Work request: Copy the data that follows exactly, and include none of its images.

Data provided:
##########
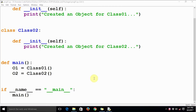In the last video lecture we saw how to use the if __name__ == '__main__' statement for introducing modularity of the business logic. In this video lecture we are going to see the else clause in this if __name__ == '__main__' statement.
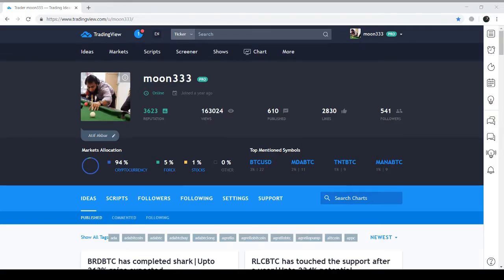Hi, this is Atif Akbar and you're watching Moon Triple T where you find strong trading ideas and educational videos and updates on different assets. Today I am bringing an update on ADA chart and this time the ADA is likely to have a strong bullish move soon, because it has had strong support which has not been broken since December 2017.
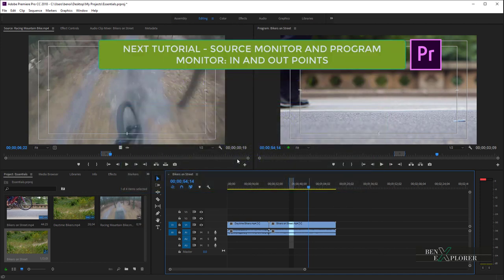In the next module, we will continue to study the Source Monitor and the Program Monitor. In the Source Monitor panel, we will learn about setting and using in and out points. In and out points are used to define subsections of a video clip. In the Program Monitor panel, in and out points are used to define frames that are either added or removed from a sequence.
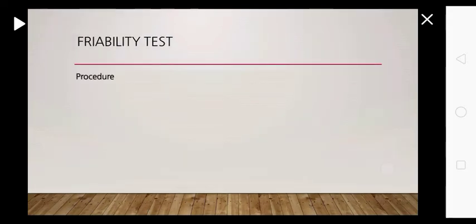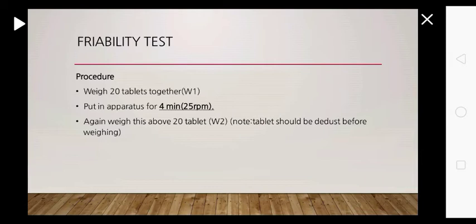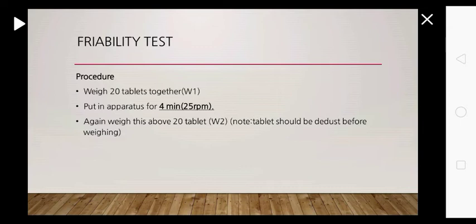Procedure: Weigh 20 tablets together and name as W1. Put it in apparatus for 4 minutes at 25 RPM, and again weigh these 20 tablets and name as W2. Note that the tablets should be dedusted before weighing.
##########
Solution:
In the last video lecture we saw how to use the if __name__ == '__main__' statement for introducing modularity of the business logic. In this video lecture we are going to see the else clause in this if __name__ == '__main__' statement.
Hi, this is Atif Akbar and you're watching Moon Triple T where you find strong trading ideas and educational videos and updates on different assets. Today I am bringing an update on ADA chart and this time the ADA is likely to have a strong bullish move soon, because it has had strong support which has not been broken since December 2017.
In the next module, we will continue to study the Source Monitor and the Program Monitor. In the Source Monitor panel, we will learn about setting and using in and out points. In and out points are used to define subsections of a video clip. In the Program Monitor panel, in and out points are used to define frames that are either added or removed from a sequence.
Procedure: Weigh 20 tablets together and name as W1. Put it in apparatus for 4 minutes at 25 RPM, and again weigh these 20 tablets and name as W2. Note that the tablets should be dedusted before weighing.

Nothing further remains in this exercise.